Il 28 ottobre del 1943 la U.S. Navy degli Stati Uniti decise di lavorare ad un esperimento segreto conosciuto come "Philadelphia Experiment" o "Project Rainbow". L'obiettivo di questo esperimento era quello di rendere invisibile ai radar una nave da guerra e per farlo decisero di utilizzare il cacciatorpediniere USS Eldridge con tutto l'equipaggio a bordo. Il test, con a capo un non precisato Dottor Franklin Reno, si basava sulla teoria del "campo unificato" di Albert Einstein, che metteva in relazione reciproca le forze elettromagnetiche e gravitazionali. Con questo metodo si sarebbe tentato di rendere invisibile la nave mettendo in atto un potentissimo campo magnetico realizzato da tre potenti generatori elettromagnetici montati sulla nave in grado di curvare la luce riflessa dell'oggetto stesso.
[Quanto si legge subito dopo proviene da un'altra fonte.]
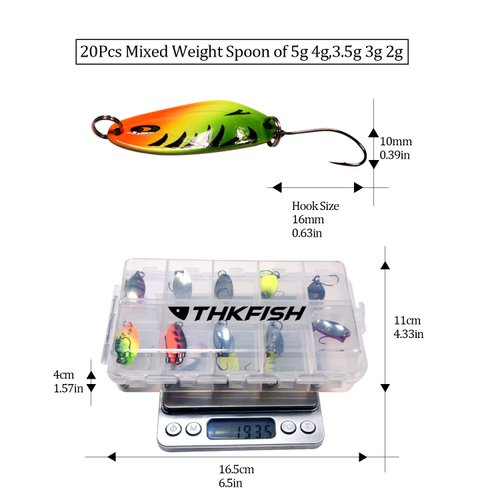 THKFISH Spoon Fishing Lures for Trout Spoons Hard Baits Single Hook Trout Lures Metal Fishing Lures for Char Perch 20Pcs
Attivati i generatori la nave sparì dal molo di Philadelphia per alcuni secondi in una luminosità verdastra e in seguito apparve nel porto di Norfolk distante alcune centinaia di chilometri, dopodichè dopo pochi minuti scomparve ancora e tornò indietro a Philadelphia da dove era partita, il tutto in pochissimi minuti.

(Sopra) Foto vere o ricostruzione cinematografica? Comunque sia, l'effetto che la USS Eldridge ha prodotto dovrebbe essere simile a quello che appare nella sequenza.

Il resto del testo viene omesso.